According to reports, Corbyn spoke at a Federation for Small Business event to decry the practice of late supplier payments as the nation’s Duty to Report rules come into effect, requiring top companies to make their supplier payment practices public.

“Cash is king for any business, and big companies are managing their cash by borrowing — interest-free — from their suppliers,” Corbyn stated. “Some of the biggest names in business are holding cash piles that don’t actually belong to them. It’s a national scandal. And it’s stopping businesses from growing and causing thousands to go bust every year. It kills jobs and holds back economic growth.”
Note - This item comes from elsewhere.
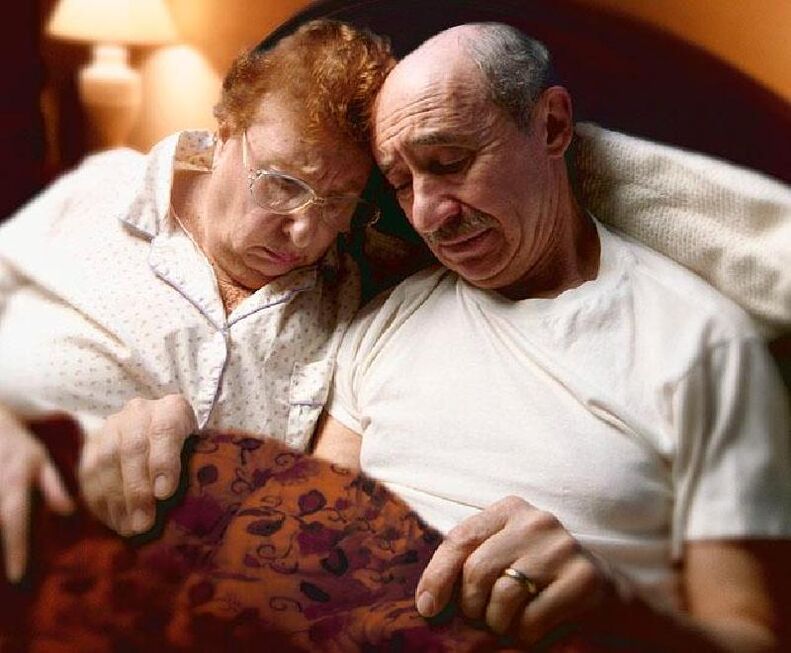 pareja de ancianos en la cama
Reports said he referenced data from Experian credit reports identifying supplier payment terms of some top companies. The Labour Party said that data shows M&S goes 72 days past due on its supplier invoices, while Capita takes 82 days and National Grid takes as long as 119 days to pay suppliers past invoice due dates. But Experian has noted that this data does not take into consideration the invoices that these conglomerates pay on time.

“The data relates to how late a business can expect any late payments to be and not the company’s overall track record on the payment of suppliers,” a spokesperson for Experian said. “It is intended for indicative purposes only, to inform specific business decisions, and we would not recommend it used as an overall barometer of how a company pays suppliers.”

Meanwhile, the companies singled out by Corbyn have similarly been on the defensive. A spokesperson for M&S said, “We don’t recognize these numbers at all.”

“Over 99 percent of our supplier invoices are paid on time, and we are signatories to the prompt payment code,” M&S added.

Corbyn’s attack came as new data from Atradius found that 90 percent of businesses across Western Europe have experienced a delay on both domestic and foreign B2B invoices, affecting 41 percent of the total value of those receivables.